TASK PROMPT
Set down every entry again exactly as it stands below.

RECORDS FOR THE EXERCISE START

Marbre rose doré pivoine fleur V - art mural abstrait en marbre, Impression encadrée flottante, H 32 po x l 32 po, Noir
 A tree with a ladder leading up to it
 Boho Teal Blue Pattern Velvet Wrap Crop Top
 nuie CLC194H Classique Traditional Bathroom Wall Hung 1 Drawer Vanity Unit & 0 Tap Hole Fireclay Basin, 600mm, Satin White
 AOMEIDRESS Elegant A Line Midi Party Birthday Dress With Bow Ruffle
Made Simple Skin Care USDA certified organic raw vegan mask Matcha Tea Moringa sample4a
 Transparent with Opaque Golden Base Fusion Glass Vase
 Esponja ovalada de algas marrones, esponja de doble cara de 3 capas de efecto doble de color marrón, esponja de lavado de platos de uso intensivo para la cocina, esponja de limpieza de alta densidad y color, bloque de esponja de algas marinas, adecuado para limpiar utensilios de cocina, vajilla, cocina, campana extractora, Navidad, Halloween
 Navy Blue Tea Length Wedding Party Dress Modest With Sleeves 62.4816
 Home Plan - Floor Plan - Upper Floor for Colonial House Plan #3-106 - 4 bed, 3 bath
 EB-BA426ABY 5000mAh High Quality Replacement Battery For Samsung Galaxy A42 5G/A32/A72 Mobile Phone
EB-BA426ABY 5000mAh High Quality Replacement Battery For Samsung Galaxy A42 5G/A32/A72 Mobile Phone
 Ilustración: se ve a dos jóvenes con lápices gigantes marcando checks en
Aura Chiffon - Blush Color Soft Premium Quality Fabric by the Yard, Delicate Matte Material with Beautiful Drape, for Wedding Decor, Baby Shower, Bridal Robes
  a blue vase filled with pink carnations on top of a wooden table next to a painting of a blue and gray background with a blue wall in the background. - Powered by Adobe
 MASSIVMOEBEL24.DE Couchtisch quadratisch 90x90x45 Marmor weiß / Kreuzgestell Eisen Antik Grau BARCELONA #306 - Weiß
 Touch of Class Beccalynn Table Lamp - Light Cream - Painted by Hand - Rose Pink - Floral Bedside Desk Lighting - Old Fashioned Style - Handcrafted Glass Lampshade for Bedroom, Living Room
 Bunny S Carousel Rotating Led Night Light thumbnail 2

RECORDS FOR THE EXERCISE END

OUTPUT
Marbre rose doré pivoine fleur V - art mural abstrait en marbre, Impression encadrée flottante, H 32 po x l 32 po, Noir
 A tree with a ladder leading up to it
 Boho Teal Blue Pattern Velvet Wrap Crop Top
 nuie CLC194H Classique Traditional Bathroom Wall Hung 1 Drawer Vanity Unit & 0 Tap Hole Fireclay Basin, 600mm, Satin White
 AOMEIDRESS Elegant A Line Midi Party Birthday Dress With Bow Ruffle
Made Simple Skin Care USDA certified organic raw vegan mask Matcha Tea Moringa sample4a
 Transparent with Opaque Golden Base Fusion Glass Vase
 Esponja ovalada de algas marrones, esponja de doble cara de 3 capas de efecto doble de color marrón, esponja de lavado de platos de uso intensivo para la cocina, esponja de limpieza de alta densidad y color, bloque de esponja de algas marinas, adecuado para limpiar utensilios de cocina, vajilla, cocina, campana extractora, Navidad, Halloween
 Navy Blue Tea Length Wedding Party Dress Modest With Sleeves 62.4816
 Home Plan - Floor Plan - Upper Floor for Colonial House Plan #3-106 - 4 bed, 3 bath
 EB-BA426ABY 5000mAh High Quality Replacement Battery For Samsung Galaxy A42 5G/A32/A72 Mobile Phone
EB-BA426ABY 5000mAh High Quality Replacement Battery For Samsung Galaxy A42 5G/A32/A72 Mobile Phone
 Ilustración: se ve a dos jóvenes con lápices gigantes marcando checks en
Aura Chiffon - Blush Color Soft Premium Quality Fabric by the Yard, Delicate Matte Material with Beautiful Drape, for Wedding Decor, Baby Shower, Bridal Robes
  a blue vase filled with pink carnations on top of a wooden table next to a painting of a blue and gray background with a blue wall in the background. - Powered by Adobe
 MASSIVMOEBEL24.DE Couchtisch quadratisch 90x90x45 Marmor weiß / Kreuzgestell Eisen Antik Grau BARCELONA #306 - Weiß
 Touch of Class Beccalynn Table Lamp - Light Cream - Painted by Hand - Rose Pink - Floral Bedside Desk Lighting - Old Fashioned Style - Handcrafted Glass Lampshade for Bedroom, Living Room
 Bunny S Carousel Rotating Led Night Light thumbnail 2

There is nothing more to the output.